Input ▸
========
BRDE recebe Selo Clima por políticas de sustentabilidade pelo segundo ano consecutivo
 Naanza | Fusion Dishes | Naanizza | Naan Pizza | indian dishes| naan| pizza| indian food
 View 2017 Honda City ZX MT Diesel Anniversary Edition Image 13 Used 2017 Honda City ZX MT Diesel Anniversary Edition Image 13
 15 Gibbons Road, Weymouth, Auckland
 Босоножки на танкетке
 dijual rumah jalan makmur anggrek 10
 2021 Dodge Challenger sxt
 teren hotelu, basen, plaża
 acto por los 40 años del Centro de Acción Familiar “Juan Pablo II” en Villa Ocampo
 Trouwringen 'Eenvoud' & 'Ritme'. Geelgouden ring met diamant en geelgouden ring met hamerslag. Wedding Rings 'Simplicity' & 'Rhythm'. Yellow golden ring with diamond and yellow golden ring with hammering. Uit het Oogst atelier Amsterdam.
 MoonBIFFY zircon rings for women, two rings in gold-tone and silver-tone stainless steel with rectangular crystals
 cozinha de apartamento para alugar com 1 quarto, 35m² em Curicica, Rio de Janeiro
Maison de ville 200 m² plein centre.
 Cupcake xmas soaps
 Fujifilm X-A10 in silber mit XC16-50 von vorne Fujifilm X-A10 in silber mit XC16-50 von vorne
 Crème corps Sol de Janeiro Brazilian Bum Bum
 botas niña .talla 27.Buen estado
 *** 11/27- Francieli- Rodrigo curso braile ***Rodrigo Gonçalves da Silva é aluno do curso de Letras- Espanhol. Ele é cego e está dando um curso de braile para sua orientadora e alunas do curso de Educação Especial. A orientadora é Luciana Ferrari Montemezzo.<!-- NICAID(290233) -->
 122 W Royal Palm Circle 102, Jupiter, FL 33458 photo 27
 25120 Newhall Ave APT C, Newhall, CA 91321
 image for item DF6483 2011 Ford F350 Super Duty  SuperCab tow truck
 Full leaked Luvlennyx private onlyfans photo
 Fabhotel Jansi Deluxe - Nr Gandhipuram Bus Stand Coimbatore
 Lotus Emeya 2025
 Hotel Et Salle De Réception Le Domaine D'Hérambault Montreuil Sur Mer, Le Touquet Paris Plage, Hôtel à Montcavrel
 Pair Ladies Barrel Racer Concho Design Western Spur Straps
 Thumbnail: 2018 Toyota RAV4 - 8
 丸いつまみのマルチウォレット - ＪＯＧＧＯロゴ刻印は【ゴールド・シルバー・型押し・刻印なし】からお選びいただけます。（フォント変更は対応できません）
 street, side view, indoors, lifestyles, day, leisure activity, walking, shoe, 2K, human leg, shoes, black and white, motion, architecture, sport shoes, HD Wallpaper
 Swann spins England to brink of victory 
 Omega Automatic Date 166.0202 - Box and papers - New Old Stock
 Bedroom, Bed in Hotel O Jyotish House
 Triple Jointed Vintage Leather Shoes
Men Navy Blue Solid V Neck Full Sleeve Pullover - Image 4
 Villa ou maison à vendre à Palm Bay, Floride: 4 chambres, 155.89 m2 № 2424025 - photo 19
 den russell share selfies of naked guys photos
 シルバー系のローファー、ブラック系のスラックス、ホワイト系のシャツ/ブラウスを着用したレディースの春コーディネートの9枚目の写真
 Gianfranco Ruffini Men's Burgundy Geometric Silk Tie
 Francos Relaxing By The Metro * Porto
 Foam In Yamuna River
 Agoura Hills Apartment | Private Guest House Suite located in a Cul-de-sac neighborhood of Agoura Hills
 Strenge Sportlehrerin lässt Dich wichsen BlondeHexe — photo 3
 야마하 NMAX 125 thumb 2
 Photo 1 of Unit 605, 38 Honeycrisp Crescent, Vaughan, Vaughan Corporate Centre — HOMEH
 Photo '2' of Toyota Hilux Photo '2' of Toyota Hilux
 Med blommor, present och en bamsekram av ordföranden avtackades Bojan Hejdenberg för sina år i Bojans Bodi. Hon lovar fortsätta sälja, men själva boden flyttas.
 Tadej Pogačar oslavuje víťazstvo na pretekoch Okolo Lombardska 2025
========
Problem to work on ▸ Go through the listing above and write out exactly the lines starting with the one holding "Foam In Yamuna River" and running through the one holding "야마하 NMAX 125 thumb 2", ends included, and no others.

Written solution ▸
 Foam In Yamuna River
 Agoura Hills Apartment | Private Guest House Suite located in a Cul-de-sac neighborhood of Agoura Hills
 Strenge Sportlehrerin lässt Dich wichsen BlondeHexe — photo 3
 야마하 NMAX 125 thumb 2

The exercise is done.